Mediation is generally a structured, voluntary and stakeholder-specific negotiation process, in which the stakeholders are assisted by a neutral third-party, the mediator, in reaching an amicable solution to the dispute. In criminal justice mediation, the main role of the mediator is facilitative in nature, and not formulative or manipulative. The role of the mediator in a facilitative capacity extends to establishing a channel of communication between the parties in conflict, and ensuring uninterrupted dialogue as well as discussion. This is most appropriate, since the end goal is to be fair to both the parties.
Victim offender mediation
Victim offender mediation is different from other forms of civil mediation, since in a civil mediation, it is assumed that both parties have contributed, in part, to the dispute in question, and the aspiration is to find an acceptable settlement. In the former, it is an unstated fact that one party is in the wrong, and recognises the existence of a moral imbalance. Victim offender mediation encompasses in its scope, a wide range of commendable goals – reformation of convicts, respite of the emotional as well as material suffering of the victim, and a modification of the archaic practice of sentencing. The mediator in this case facilitates the process of achieving a fair result by first allowing the stakeholders to discuss both emotional as well as informational needs, and following that, to address the victim’s losses, which will lead to a formulation of a restitution plan acceptable to both parties, which could include repayment, working for the victim’s charity of choice, and so on. Mediation can in no way evolve into an alternative to or a soft escape from punishment. While the outcome of the same might influence judicial sentencing, it should not entirely preempt the process.
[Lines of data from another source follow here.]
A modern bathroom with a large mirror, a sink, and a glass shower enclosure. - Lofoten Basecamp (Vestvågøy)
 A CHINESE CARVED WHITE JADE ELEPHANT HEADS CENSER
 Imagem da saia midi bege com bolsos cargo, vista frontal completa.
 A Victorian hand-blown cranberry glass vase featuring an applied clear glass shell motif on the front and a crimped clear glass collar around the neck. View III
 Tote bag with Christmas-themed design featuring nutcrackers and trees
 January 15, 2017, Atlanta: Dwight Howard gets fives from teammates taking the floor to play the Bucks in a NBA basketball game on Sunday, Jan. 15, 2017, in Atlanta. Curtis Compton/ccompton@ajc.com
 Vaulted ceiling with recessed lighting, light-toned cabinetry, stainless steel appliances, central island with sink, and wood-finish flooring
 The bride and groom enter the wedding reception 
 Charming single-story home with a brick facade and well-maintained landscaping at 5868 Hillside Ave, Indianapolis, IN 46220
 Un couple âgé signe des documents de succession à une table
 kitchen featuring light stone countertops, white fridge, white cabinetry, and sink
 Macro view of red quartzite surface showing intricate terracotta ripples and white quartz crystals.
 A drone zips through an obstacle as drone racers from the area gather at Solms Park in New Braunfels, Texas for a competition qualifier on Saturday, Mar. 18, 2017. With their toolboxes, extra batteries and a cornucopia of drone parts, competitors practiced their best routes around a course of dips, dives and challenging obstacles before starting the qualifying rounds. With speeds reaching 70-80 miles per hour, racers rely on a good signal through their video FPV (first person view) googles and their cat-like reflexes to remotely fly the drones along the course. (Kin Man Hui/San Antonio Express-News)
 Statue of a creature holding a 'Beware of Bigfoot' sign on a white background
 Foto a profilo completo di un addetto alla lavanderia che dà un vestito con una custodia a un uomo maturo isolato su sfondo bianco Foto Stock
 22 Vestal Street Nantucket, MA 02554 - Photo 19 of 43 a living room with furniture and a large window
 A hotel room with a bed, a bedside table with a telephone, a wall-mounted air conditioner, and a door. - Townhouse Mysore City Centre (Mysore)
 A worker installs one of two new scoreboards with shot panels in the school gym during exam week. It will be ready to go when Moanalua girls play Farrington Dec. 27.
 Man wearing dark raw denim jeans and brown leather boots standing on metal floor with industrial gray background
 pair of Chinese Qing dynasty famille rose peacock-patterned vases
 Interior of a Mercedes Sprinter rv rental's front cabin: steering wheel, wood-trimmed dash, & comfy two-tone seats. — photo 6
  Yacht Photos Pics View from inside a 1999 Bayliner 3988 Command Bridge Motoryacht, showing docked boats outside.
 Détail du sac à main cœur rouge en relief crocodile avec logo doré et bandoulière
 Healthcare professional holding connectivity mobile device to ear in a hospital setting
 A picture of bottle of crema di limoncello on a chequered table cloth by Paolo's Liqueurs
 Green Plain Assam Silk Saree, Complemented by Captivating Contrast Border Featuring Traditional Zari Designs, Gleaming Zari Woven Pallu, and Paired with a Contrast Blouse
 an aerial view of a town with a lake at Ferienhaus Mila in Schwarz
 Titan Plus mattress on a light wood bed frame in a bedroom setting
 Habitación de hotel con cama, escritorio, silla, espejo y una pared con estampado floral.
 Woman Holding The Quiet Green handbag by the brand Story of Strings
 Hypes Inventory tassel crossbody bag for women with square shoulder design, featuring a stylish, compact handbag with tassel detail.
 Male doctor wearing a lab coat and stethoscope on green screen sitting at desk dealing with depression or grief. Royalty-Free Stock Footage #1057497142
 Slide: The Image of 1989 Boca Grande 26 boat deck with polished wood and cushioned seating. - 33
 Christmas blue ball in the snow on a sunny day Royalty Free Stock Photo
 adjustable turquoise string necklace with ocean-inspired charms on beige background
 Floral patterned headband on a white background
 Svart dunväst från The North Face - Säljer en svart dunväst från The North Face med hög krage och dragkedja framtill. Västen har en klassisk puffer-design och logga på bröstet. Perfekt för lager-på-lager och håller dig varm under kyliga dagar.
There are two basic problems that arise with this form of mediation. First, there is no defined relationship this model has with the remainder of the criminal justice system. This problem comes to the spotlight during the determination of the stage of proceeding in which to include the mediation with the victim and the offender. Early mediation could negatively interfere with the due process of law as it is, and mediation in between could be seen as a form of exploitation of the victim in order to mitigate the sentence of the offender. Second, the broad innate appeal that it has, in terms of potentially providing solutions to multiple problems of the existing criminal justice system, cannot be translated into practical application, since no single instrument can claim to fulfil such diverse aims. There is sufficient empirical evidence to state that the more closely personal the offence is, either with respect to emotional impact or pre-existing relationships, as in the case of offences against the person, victims are less likely to participate in mediation, or reach consensus, in case of participation. Further, if victim offender mediation replaced the traditional criminal justice system in case of severe crimes like rape or murder, the needs of the community at large, whose rights are also violated , might be left unsatisfied especially if the victims are too apt to forgive the offenders post mediation. A potential solution the second dilemma is offered in the next section of this essay.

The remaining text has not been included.